*** Opening Excerpted records ***

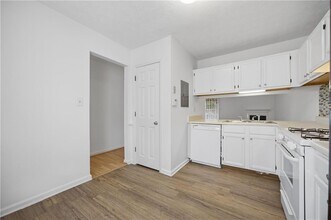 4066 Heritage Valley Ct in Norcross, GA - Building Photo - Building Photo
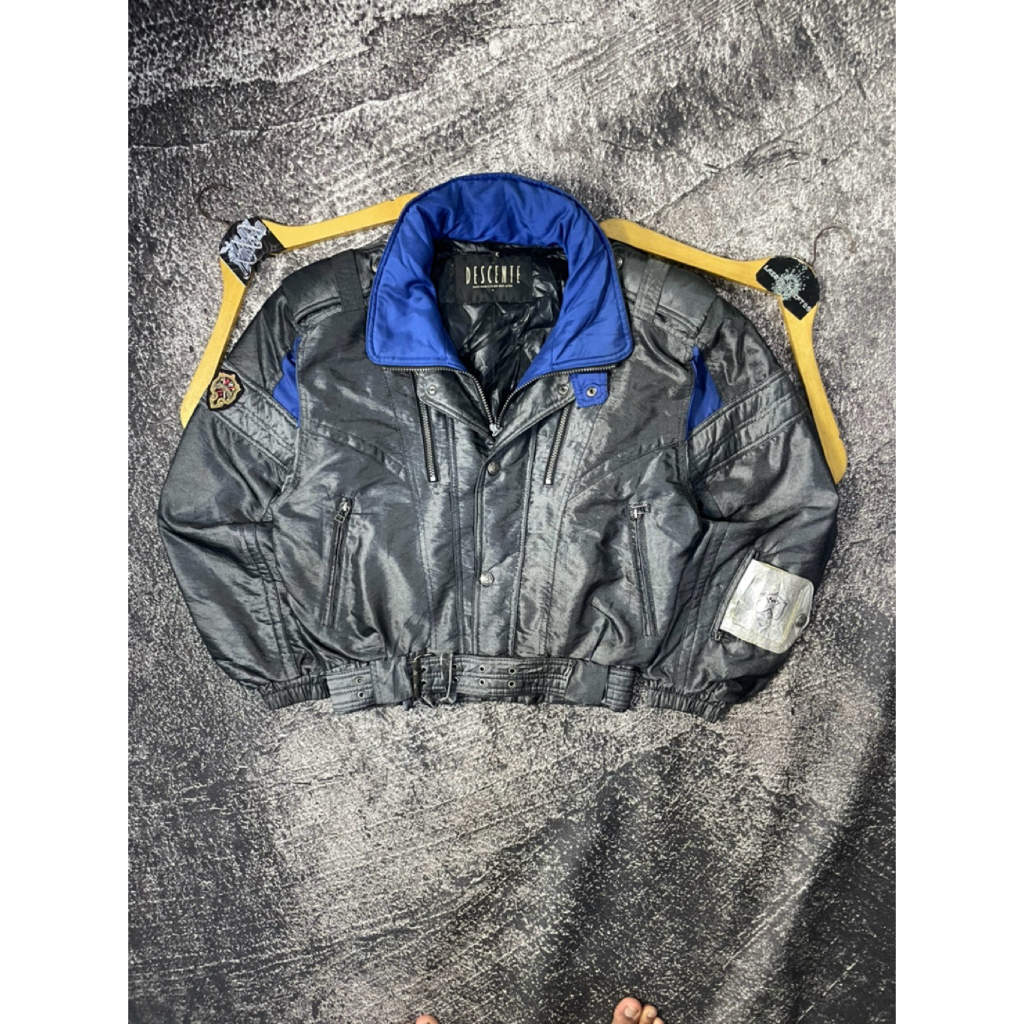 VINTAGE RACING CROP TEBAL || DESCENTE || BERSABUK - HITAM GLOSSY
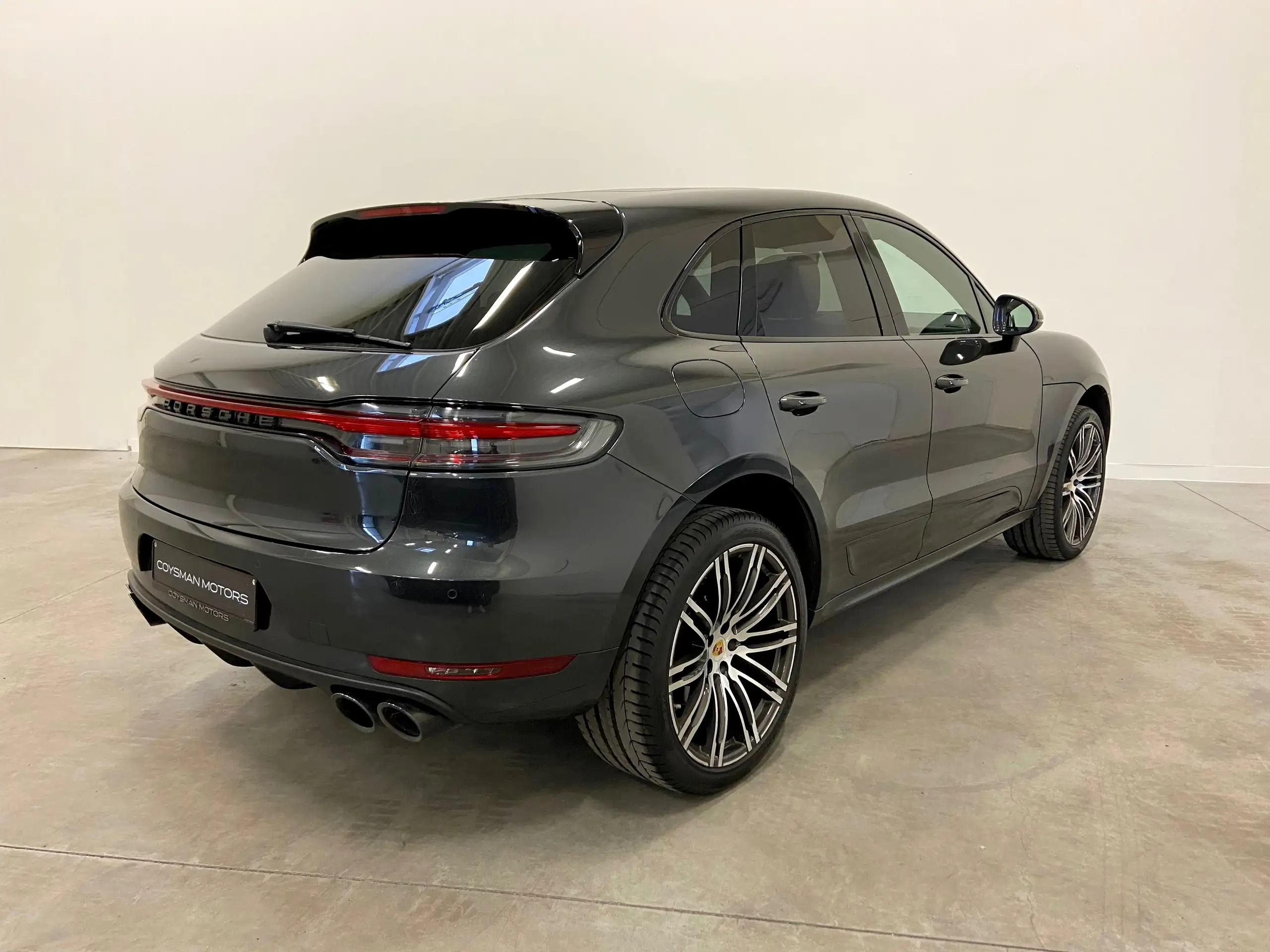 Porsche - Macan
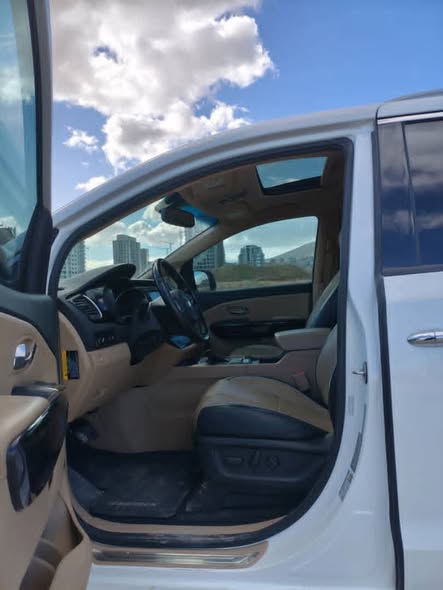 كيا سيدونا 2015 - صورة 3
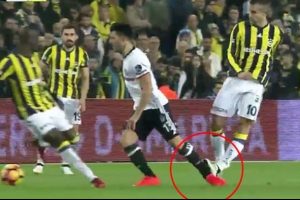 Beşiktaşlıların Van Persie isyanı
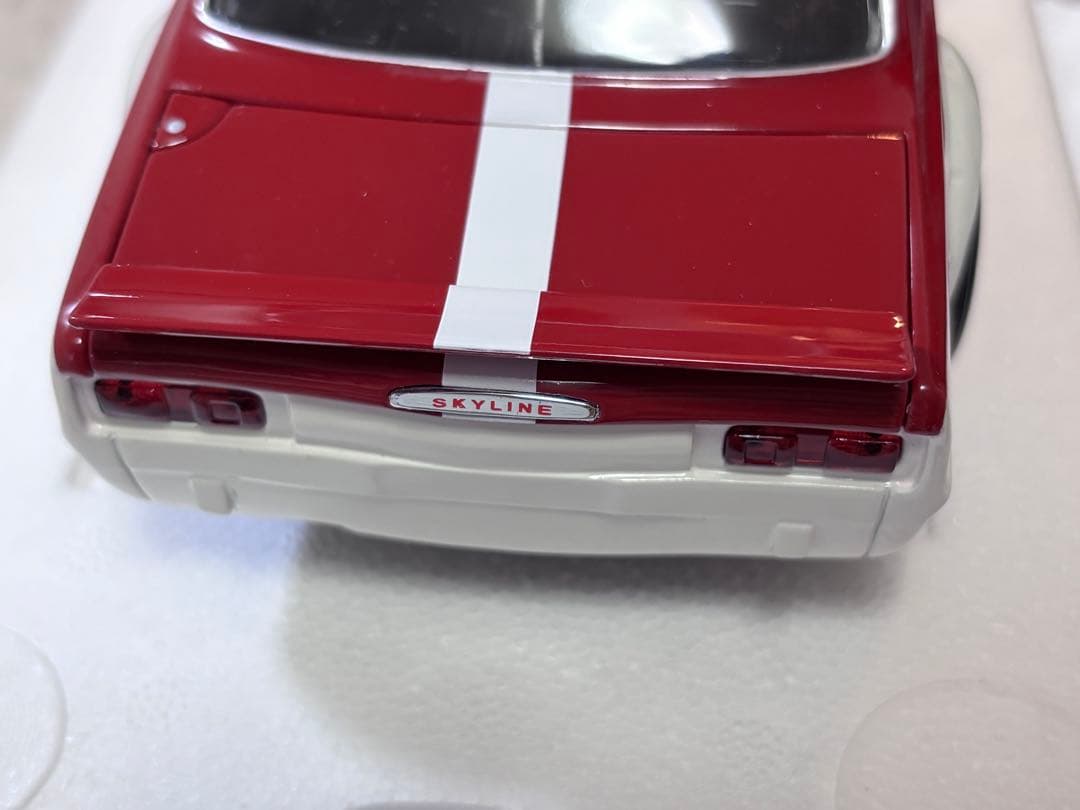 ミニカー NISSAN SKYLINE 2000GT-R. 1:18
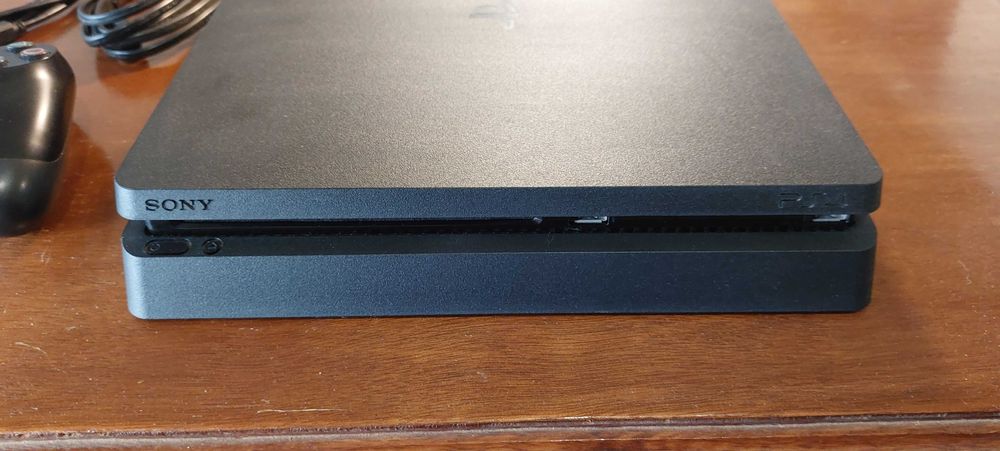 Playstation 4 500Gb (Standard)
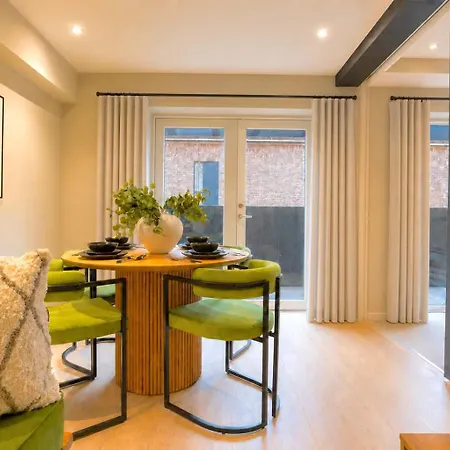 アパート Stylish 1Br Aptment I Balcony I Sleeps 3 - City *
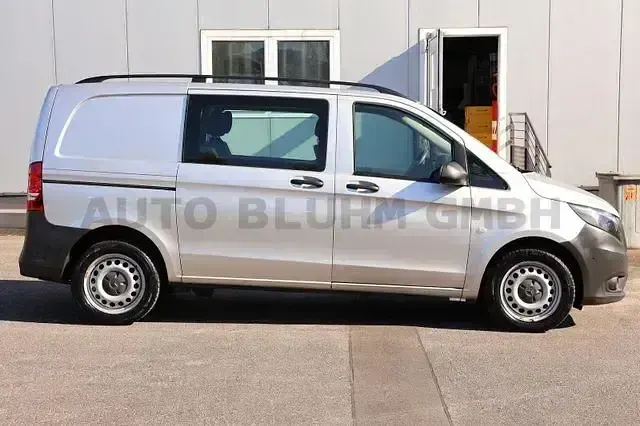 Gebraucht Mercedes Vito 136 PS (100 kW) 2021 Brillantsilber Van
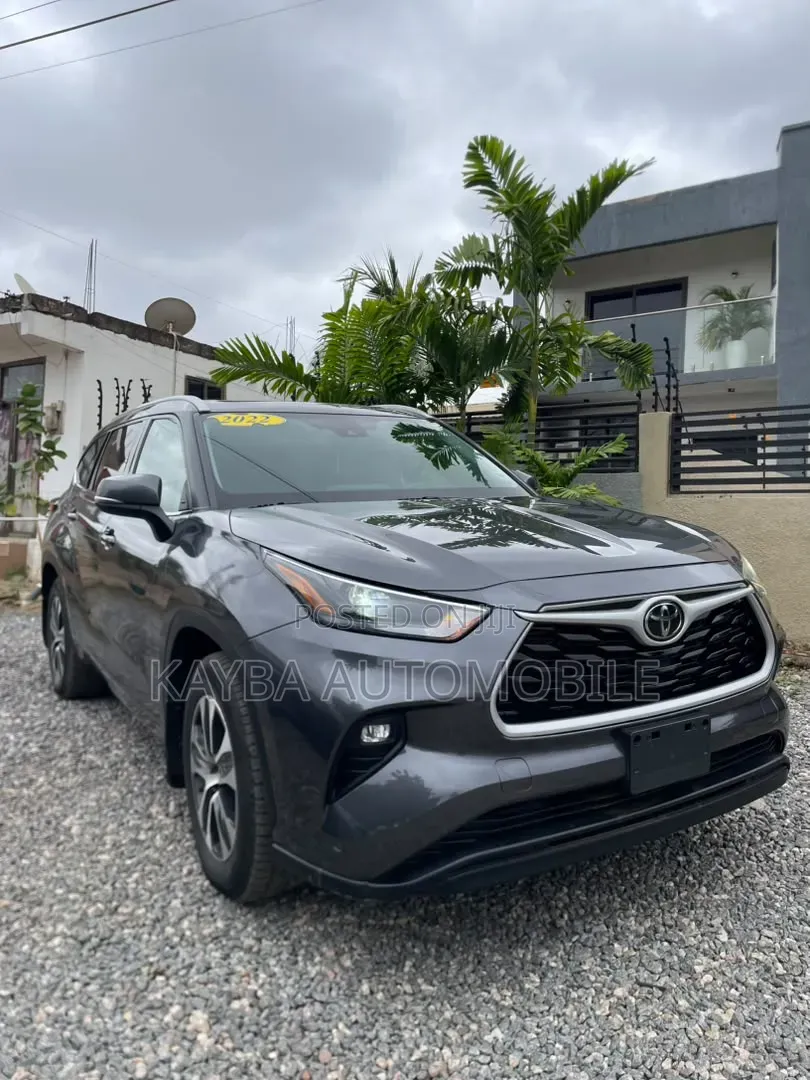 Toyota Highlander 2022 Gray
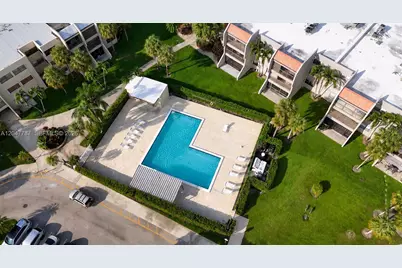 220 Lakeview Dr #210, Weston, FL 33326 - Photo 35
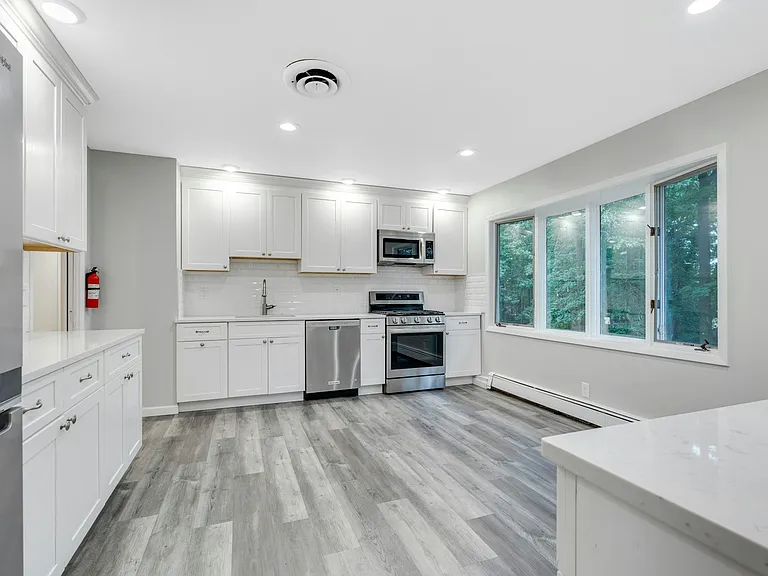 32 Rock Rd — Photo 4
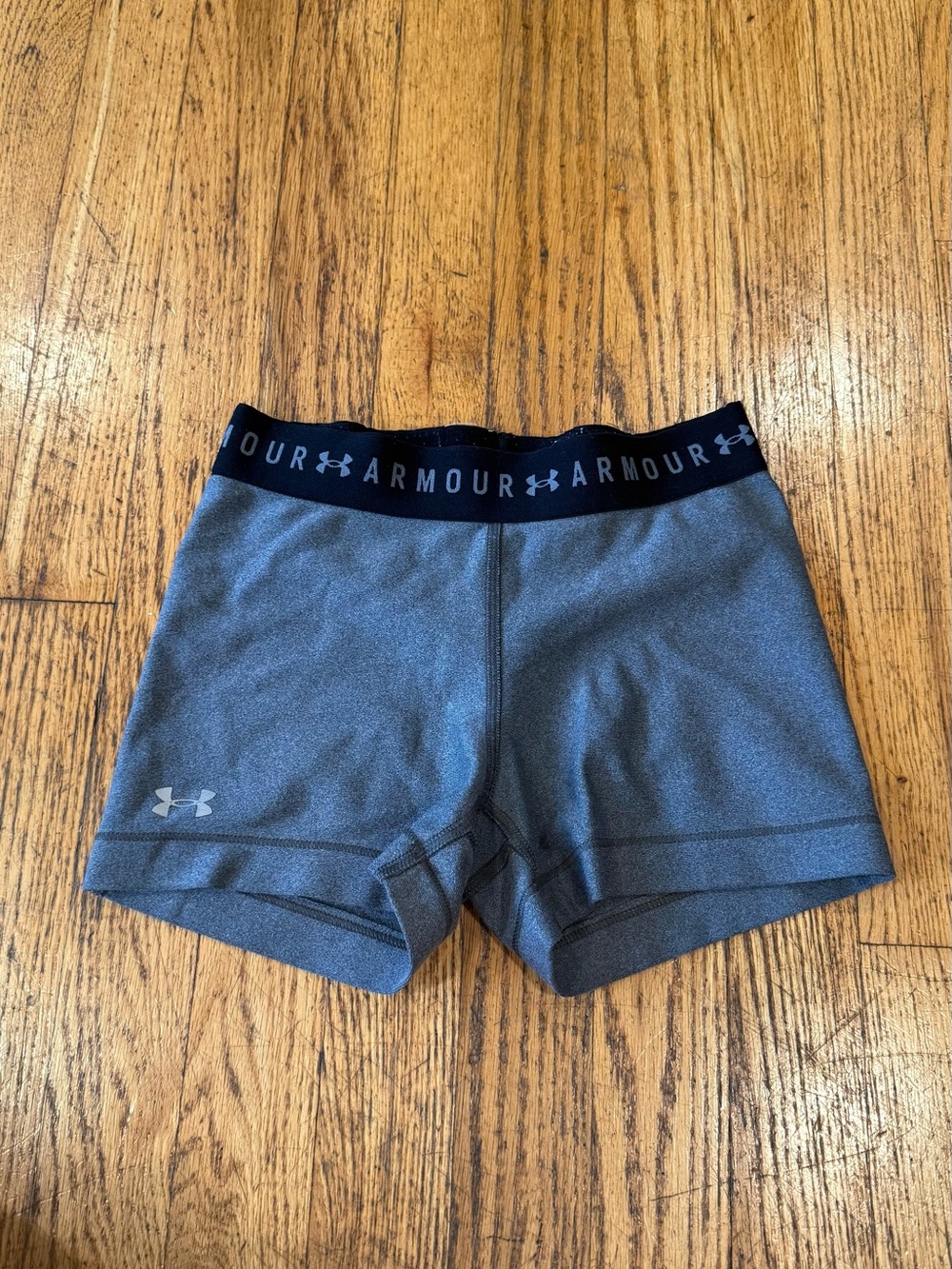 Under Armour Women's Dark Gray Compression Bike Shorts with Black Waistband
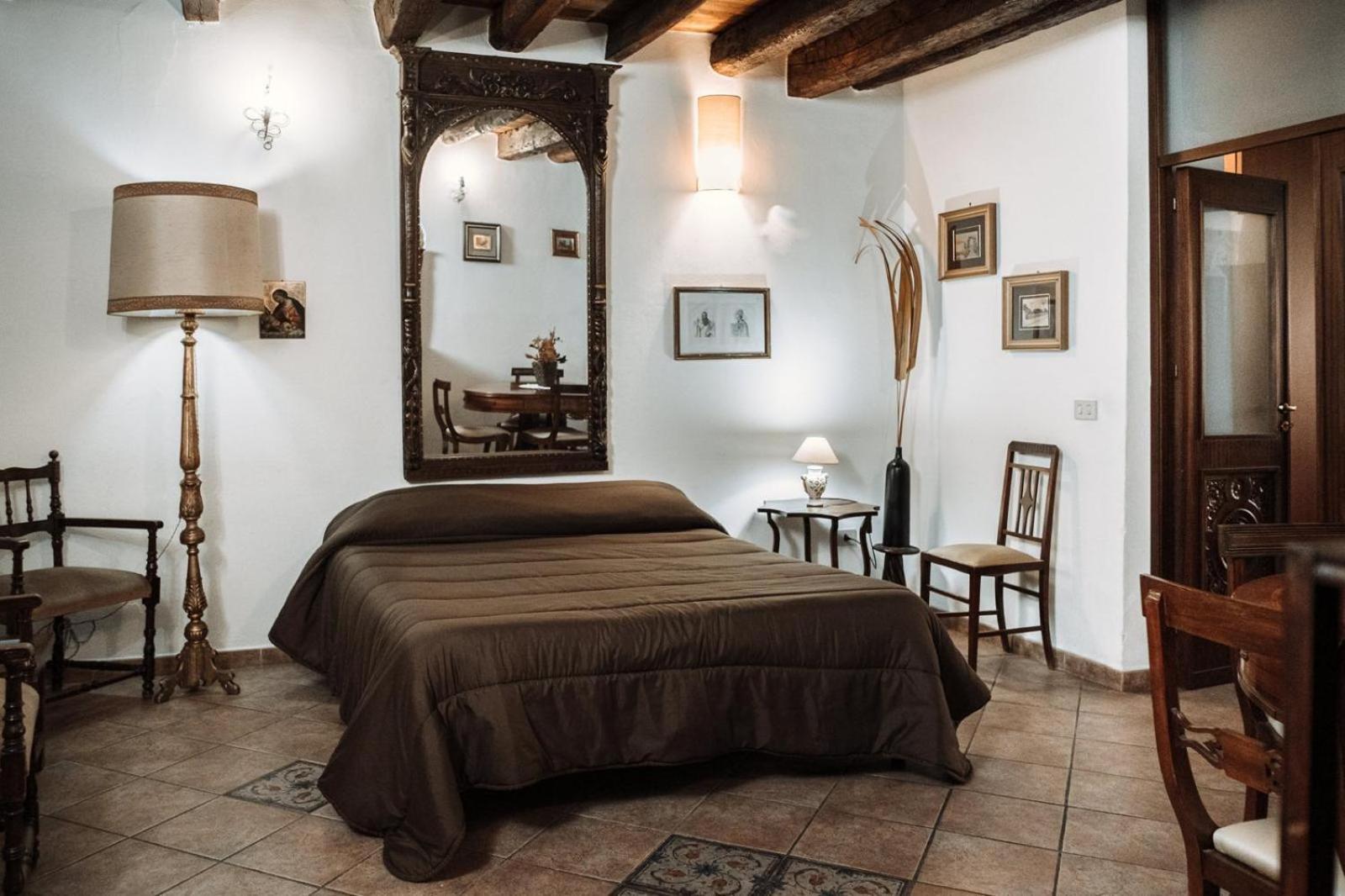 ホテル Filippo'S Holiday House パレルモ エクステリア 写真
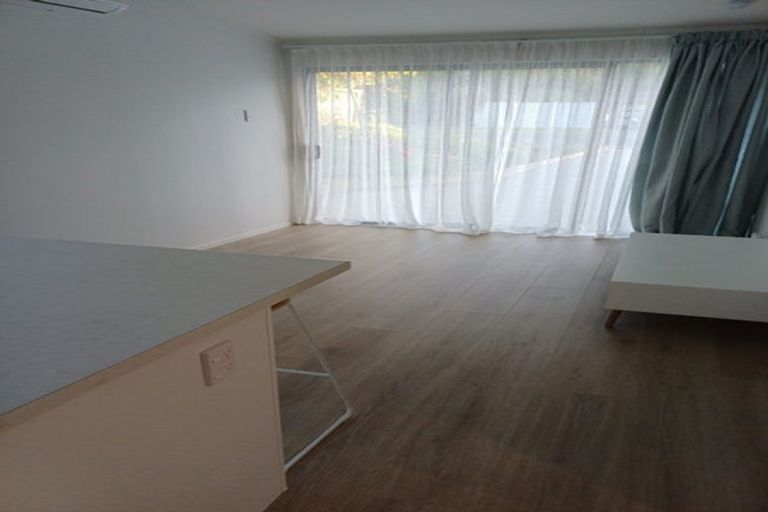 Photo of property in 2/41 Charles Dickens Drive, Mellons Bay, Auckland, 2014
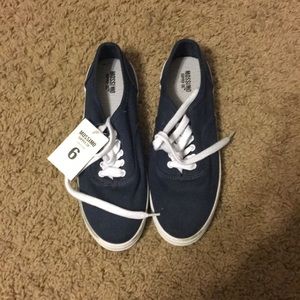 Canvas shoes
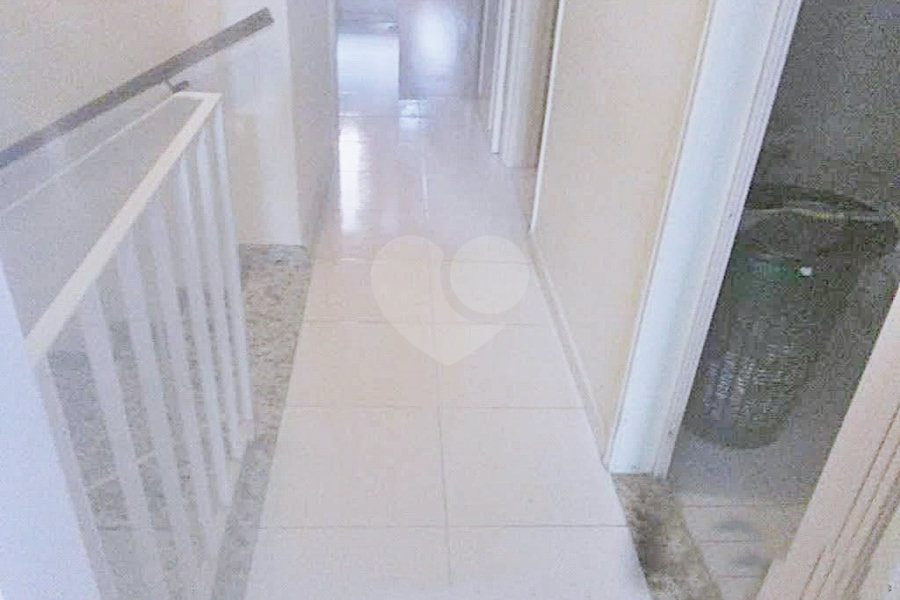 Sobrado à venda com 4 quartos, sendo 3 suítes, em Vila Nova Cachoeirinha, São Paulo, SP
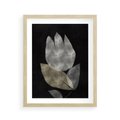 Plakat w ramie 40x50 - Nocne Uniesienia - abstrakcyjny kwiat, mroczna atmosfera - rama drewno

*** Closing Excerpted records ***

Could you output all of the entries above exactly? Leave the pictures out.

Reply to the task:
 4066 Heritage Valley Ct in Norcross, GA - Building Photo - Building Photo
 VINTAGE RACING CROP TEBAL || DESCENTE || BERSABUK - HITAM GLOSSY
 Porsche - Macan
 كيا سيدونا 2015 - صورة 3
 Beşiktaşlıların Van Persie isyanı
 ミニカー NISSAN SKYLINE 2000GT-R. 1:18
 Playstation 4 500Gb (Standard)
 アパート Stylish 1Br Aptment I Balcony I Sleeps 3 - City *
 Gebraucht Mercedes Vito 136 PS (100 kW) 2021 Brillantsilber Van
 Toyota Highlander 2022 Gray
 220 Lakeview Dr #210, Weston, FL 33326 - Photo 35
 32 Rock Rd — Photo 4
 Under Armour Women's Dark Gray Compression Bike Shorts with Black Waistband
 ホテル Filippo'S Holiday House パレルモ エクステリア 写真
 Photo of property in 2/41 Charles Dickens Drive, Mellons Bay, Auckland, 2014
 Canvas shoes
 Sobrado à venda com 4 quartos, sendo 3 suítes, em Vila Nova Cachoeirinha, São Paulo, SP
 Plakat w ramie 40x50 - Nocne Uniesienia - abstrakcyjny kwiat, mroczna atmosfera - rama drewno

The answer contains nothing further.